April is the month when the pace of life quickens for marine organisms on the Central Coast. Upwelling kicks into high gear, creating almost continuous diatom blooms in nearshore waters. Wind-driven currents carry the diatoms and the accompanying microscopic grazers along the coast, providing food for larger animals such as krill.
Schools of small fishes, sea lions, and whales begin migrating northward along the California coast to take advantage of the bounty. Young marine mammals leave their nursery areas to make their way in an environment filled with food, but also with danger. Even animals on the seafloor benefit from debris that drifts down from the blooms and feeding frenzies near the sea surface.
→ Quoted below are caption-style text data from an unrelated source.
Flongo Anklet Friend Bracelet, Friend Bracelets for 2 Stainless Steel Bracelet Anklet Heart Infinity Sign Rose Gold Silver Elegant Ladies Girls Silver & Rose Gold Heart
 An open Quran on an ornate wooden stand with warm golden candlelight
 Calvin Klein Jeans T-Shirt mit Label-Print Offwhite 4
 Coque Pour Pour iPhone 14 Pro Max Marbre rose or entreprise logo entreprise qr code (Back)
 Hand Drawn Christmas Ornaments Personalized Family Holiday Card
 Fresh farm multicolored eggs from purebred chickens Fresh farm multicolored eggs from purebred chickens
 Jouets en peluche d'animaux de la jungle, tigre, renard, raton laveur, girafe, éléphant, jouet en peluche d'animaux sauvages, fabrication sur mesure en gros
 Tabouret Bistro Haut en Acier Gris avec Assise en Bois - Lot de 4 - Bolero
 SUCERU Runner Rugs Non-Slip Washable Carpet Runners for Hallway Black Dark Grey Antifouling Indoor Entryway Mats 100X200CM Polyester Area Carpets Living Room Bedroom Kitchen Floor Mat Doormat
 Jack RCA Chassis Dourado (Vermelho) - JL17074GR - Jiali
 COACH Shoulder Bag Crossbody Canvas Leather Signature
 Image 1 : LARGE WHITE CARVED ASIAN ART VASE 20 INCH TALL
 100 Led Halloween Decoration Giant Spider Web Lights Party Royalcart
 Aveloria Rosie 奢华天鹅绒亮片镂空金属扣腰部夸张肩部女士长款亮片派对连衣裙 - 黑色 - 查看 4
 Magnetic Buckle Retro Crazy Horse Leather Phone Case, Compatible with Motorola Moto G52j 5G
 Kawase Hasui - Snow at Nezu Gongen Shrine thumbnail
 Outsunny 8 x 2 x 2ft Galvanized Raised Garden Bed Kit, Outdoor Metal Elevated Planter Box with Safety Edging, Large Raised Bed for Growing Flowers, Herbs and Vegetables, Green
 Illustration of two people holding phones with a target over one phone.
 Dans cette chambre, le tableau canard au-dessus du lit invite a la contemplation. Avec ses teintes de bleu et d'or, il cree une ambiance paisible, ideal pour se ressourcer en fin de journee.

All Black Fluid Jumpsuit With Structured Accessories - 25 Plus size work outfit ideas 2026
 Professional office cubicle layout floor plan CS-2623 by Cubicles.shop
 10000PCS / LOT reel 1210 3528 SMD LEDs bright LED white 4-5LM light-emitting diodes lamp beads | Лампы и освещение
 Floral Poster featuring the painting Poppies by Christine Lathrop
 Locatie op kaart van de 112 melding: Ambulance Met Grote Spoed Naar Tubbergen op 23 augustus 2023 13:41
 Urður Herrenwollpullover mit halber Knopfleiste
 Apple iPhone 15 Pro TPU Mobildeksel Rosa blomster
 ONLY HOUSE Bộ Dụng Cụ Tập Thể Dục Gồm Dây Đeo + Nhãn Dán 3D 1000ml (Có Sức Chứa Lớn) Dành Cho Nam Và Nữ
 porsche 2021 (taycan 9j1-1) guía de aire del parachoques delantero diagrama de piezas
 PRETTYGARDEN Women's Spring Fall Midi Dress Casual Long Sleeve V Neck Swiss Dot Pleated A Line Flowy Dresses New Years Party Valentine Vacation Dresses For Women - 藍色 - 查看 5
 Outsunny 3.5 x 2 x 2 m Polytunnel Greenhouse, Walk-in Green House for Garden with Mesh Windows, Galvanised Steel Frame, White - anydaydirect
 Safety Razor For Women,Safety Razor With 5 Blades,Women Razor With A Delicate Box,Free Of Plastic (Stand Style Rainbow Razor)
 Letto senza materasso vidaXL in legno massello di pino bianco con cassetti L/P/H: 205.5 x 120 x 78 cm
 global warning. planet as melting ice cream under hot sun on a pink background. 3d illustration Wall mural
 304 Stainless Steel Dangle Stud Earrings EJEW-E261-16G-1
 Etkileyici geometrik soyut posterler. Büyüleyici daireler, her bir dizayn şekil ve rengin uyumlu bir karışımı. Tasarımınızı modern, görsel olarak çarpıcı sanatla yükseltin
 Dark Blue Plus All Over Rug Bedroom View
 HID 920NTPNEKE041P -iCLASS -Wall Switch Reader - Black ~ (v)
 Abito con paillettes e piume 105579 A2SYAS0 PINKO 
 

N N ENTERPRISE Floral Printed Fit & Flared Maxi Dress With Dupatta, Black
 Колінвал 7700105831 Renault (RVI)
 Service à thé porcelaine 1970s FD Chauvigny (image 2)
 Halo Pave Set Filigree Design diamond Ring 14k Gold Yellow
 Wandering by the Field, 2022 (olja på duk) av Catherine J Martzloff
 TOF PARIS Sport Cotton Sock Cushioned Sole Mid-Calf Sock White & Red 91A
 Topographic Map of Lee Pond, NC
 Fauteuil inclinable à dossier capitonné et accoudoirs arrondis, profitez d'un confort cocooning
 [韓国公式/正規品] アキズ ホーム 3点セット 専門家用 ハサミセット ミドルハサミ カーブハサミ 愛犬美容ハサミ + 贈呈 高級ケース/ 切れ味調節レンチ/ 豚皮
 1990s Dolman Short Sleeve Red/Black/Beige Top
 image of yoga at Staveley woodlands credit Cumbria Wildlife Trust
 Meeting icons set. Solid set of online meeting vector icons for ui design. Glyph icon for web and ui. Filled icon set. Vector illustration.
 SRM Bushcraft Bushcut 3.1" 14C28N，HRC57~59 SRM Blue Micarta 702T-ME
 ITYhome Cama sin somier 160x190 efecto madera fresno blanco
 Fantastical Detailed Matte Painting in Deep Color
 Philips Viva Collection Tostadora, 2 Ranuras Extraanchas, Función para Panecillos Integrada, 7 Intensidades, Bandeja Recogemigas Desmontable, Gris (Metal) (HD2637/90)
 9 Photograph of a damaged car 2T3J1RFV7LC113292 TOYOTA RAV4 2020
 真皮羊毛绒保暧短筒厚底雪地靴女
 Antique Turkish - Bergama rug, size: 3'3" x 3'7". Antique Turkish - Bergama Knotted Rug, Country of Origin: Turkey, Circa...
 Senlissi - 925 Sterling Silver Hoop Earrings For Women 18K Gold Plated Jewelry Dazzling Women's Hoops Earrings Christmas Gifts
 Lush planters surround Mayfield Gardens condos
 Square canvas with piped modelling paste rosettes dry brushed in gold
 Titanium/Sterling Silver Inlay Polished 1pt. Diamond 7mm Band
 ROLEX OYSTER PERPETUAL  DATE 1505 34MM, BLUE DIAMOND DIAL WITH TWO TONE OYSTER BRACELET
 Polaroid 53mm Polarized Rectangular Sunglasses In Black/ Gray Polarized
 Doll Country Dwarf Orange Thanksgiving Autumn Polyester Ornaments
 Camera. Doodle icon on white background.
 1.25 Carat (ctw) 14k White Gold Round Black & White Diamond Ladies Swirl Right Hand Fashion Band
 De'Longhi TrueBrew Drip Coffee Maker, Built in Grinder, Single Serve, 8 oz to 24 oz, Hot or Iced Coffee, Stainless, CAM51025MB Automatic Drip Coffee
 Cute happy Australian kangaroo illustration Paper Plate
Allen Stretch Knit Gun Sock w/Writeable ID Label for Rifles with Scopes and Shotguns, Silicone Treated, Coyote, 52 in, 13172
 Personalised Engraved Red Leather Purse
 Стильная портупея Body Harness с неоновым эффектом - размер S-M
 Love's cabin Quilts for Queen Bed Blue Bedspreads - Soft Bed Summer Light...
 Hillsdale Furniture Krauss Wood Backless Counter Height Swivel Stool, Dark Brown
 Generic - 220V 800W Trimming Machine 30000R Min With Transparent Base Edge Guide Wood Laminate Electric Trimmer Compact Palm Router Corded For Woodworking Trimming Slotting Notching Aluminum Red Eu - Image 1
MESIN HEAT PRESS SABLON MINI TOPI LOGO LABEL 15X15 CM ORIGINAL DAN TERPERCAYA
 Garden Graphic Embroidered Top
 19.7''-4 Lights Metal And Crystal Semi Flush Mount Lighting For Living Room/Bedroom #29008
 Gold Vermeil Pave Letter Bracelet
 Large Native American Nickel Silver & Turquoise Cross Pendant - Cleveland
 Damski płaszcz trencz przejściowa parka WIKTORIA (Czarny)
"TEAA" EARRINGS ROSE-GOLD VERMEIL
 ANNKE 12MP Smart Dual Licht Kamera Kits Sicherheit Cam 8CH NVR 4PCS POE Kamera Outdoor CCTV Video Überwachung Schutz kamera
Life in the kelp beds and the tide pools also becomes more competitive as algae and animals colonize vacant space created by winter storms. Crabs and other tide-pool animals gear up for a frenzy of reproductive activity that will peak in June or July.
As storms become less frequent, sand begins to move from offshore areas toward shore, exposing some seafloor areas to colonization, but burying other areas closer to shore. Beaches and dunes begin to build up with the decline in winter storms.
Some seabirds gather in nesting colonies on cliffs and offshore islands, while others leave the area to nest thousands of miles away, often in remote parts of the Arctic. Shore and beach birds also gather in large flocks, then leave the area to nest elsewhere.
All of these trends continue in May, when upwelling and diatom blooms reach their yearly peak. Vast numbers of animals such as market squid, anchovies, and rockfish supply essential nutrition for seabirds and other animals that give birth or migrate into the region to take advantage of the abundant food. The seeds of life that were planted in February, germinated in March, and leafed out in April, will be coming into full bloom.
The howling wind whipped at my jacket as I struggled to climb the sandy path through the dunes at Moss Landing State Beach. When I reached the crest of the dune, I stopped to admire the panorama of Monterey Bay stretching out before me.
White caps and spray streaked the cobalt sea. I could see the pale silhouette of the Santa Cruz Mountains to my right and the Santa Lucia's to my left, their lower flanks veiled in sea mist.
I had taken a late lunch break this April afternoon, hoping to clear my head with a breath of fresh air, and maybe even do a little surfing. There was certainly no shortage of fresh air on this wind-swept beach, but the waves were completely unrideable--they heaved and churned chaotically in what surfers call "Victory at Sea" conditions. It had been this way every afternoon for the past week.
I shivered, remembering how cold the ocean had felt when I surfed a few days before--the water must have been down around 50 degrees Fahrenheit. This meant that the northwest winds were forcing surface waters offshore, allowing cold water to rise up from the depths. I knew this cold water carried nutrients that are great for marine algae, but it can sure make life tough for surfers. A moot point today. I could see that I wouldn't be doing any surfing during this lunch break.
Just up the coast, to my right, the Moss Landing Harbor breakwater jutted out to sea. Flowing out from the harbor entrance was a tongue of green-brown water--the ebb-tide plume from Elkhorn Slough. My initial response was "yuck." But then It occurred to me that this plume was a rich soup of plant nutrients, microscopic algae (which gave the water its green color), swarms of microscopic animals, and even young fish, which might be returning to the sea after spending their first few months in the shallow waters of the slough.
Where the greenish water met the dark blue water of the bay, I could see dozens of seabirds, which at first I took to be seagulls, floating in long, irregular lines along the edge of the plume. I pulled my binoculars out of my backpack and looked again. The birds' long, graceful necks, sharp bills, and snappy black and white plumage identified them as grebes--probably Western Grebes stopping for bite to eat during their spring migration. Farther offshore, flocks of dark, lithe cormorants flew northward like geese, their wings flapping rapidly just above the sea surface.
Leaning into the wind, I walked down the eroded face of the dunes. Driftwood and dense tangles of kelp littered the upper beach. Relicts of a recent storm, they had already been partly buried by the blowing sand. Here and there, green shoots of dune plants struggled to keep their two or three leaves above the blasting sand and wind.
I walked down to the water's edge. Hundreds of pale pink mole-crab shells marked the high-tide line, along with fragments of sand dollars and clam shells. Looking closely at the mole-crab shells, I discovered that they were not fragments of dead animals, but just the hard shells off their backs. I remembered reading a scientific paper that described how mole crabs grew rapidly and shed their shells each time a pulse of food (microscopic algae) arrived at the beach.
I stood up and looked around again. It occurred to me that everything out here--the wind, the plume of green water, the birds, the dune plants, the mole-crab shells--were all connected. They were all signs of spring, of life returning after winter storms, of living things fattening up and gearing up for a summer of growth and procreation. I took a few more breaths of fresh air, then walked up the beach and headed back to my office to get warm.